Como vê a iniciativa de alguns governos de usarem apps de carteiras digitais ou mobile banking para pagamento de benefícios sociais, como fez o Governo Federal com o Caixa TEM e o governo de São Paulo com o PicPay?
A gente vem perseguindo isso também. Estamos conversando com o governo federal e com governos estaduais e municipais que possam ter essa necessidade. Temos tecnologia, capilaridade e falamos a língua desse público, que é o cliente que não tem um cartão mas que pode sacar dinheiro do auxílio emergencial. A gente resolve isso bem facilmente, de maneira simples.
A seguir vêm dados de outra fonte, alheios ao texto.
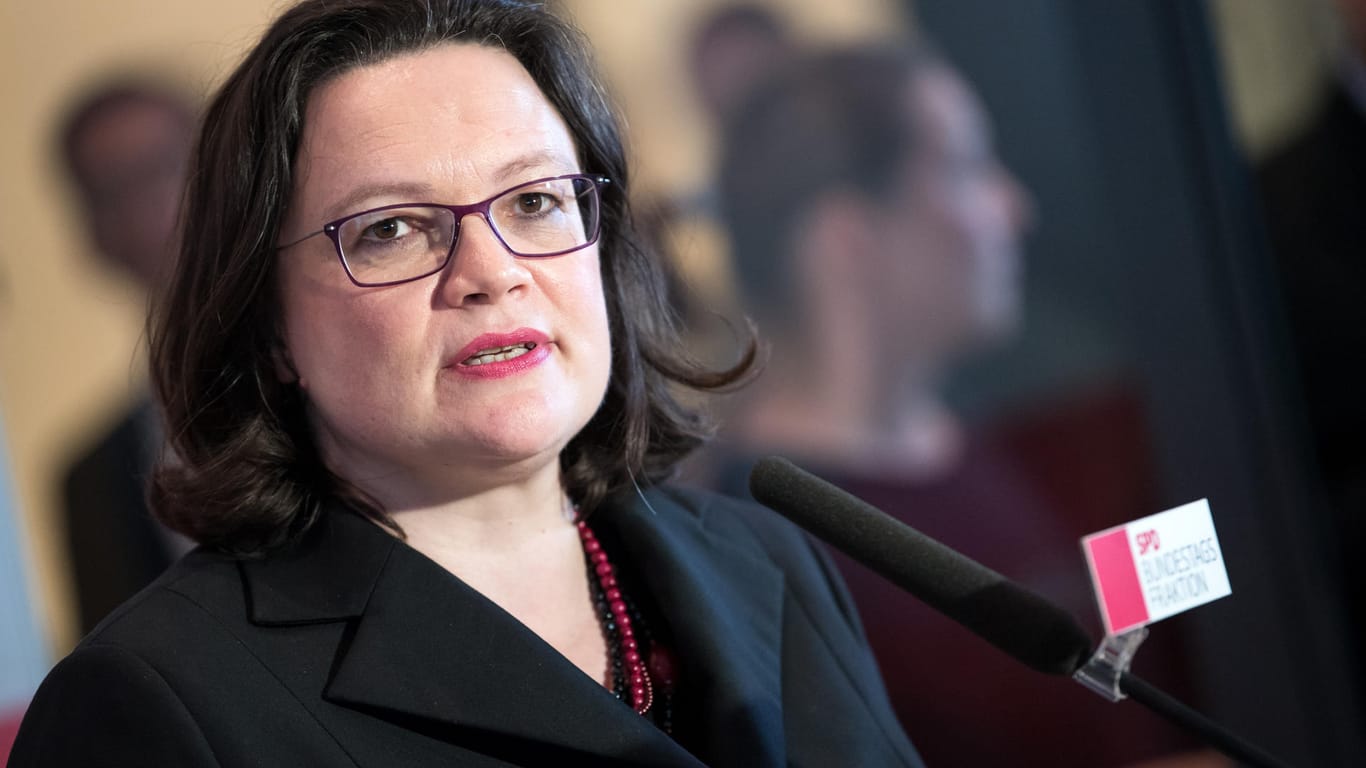 Andrea Nahles gilt als Favoritin bei der Wahl zur neuen SPD-Chefin. Dass die SPD-Führung die Wahl ursprünglich unter sich ausmachen wollte, kritisiert Gegenkandidatin Simone Lange scharf.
Achamos que antes existia um pouco de desconhecimento de que essas plataformas poderiam ser usadas. No momento em que todo mundo precisa repensar a forma de fazer, estamos preparados para atender. Estamos conversando com vários órgãos públicos.
E quais são as suas expectativas em relação ao PIX? O Banco Central tem reiterado que o lançamento está confirmado para novembro.
O pagamento instantâneo é benéfico para todos. Poder enviar dinheiro de uma pessoa para outra ou para uma empresa ou para um governo 24 por sete é bom para a sociedade como um todo porque será mais barato. Quanto ao cronograma, o grande desafio que se impõe, e temos falado disso com o regulador, é que todas as empresas estão focadas em reinventar seu negócio, o que constitui uma complexidade adicional para entregar algo em novembro. O Banco Central vem falando que não vai alterar o prazo ou o cronograma, e a gente segue com os planos internos de integração e desenvolvimento, mas vemos desafios da indústria como um todo para estar pronta em novembro. Tem gente que está mais confortável e outros menos nessa crise. Lançar um produto novo em um cenário de pandemia com as equipes trabalhando 24 por sete é complexo. Os recursos são limitados, e neste cenário estão ainda mais limitados. Com empresas com problemas financeiros ou de liquidez, colocar todo mundo numa janela de desenvolvimento neste momento em que precisam se reinventar, enquanto saem regulações, programas e leis novas todos os dias, é um desafio enorme. Acho que é um desafio para toda a indústria, porque para funcionar (o pagamento instantâneo), todo mundo tem que entrar. Temos que ver se todos vão conseguir.
Seria mais prudente adiar o prazo então?
Sim, achamos que seria mais prudente. É uma situação única, que nenhuma empresa estava preparada para viver. Isso exige bastante flexibilidade também do regulador. Quanto antes (o pagamento instantâneo) entrar melhor, mas a situação impõe um pouco mais de cautela.
Como imagina que será o mundo pós-pandemia?
O novo normal vai ser as pessoas muito mais habilitadas, confiantes e familiarizadas com soluções digitais de pagamentos. Vejo um encurtamento de futuro para soluções digitais. Coisas que estavam previstas para acontecer mais para frente vão acontecer mais rapidamente. Haverá uma perda de medo dos consumidores, que estarão muito mais aptos para soluções digitais do que estavam antes da pandemia.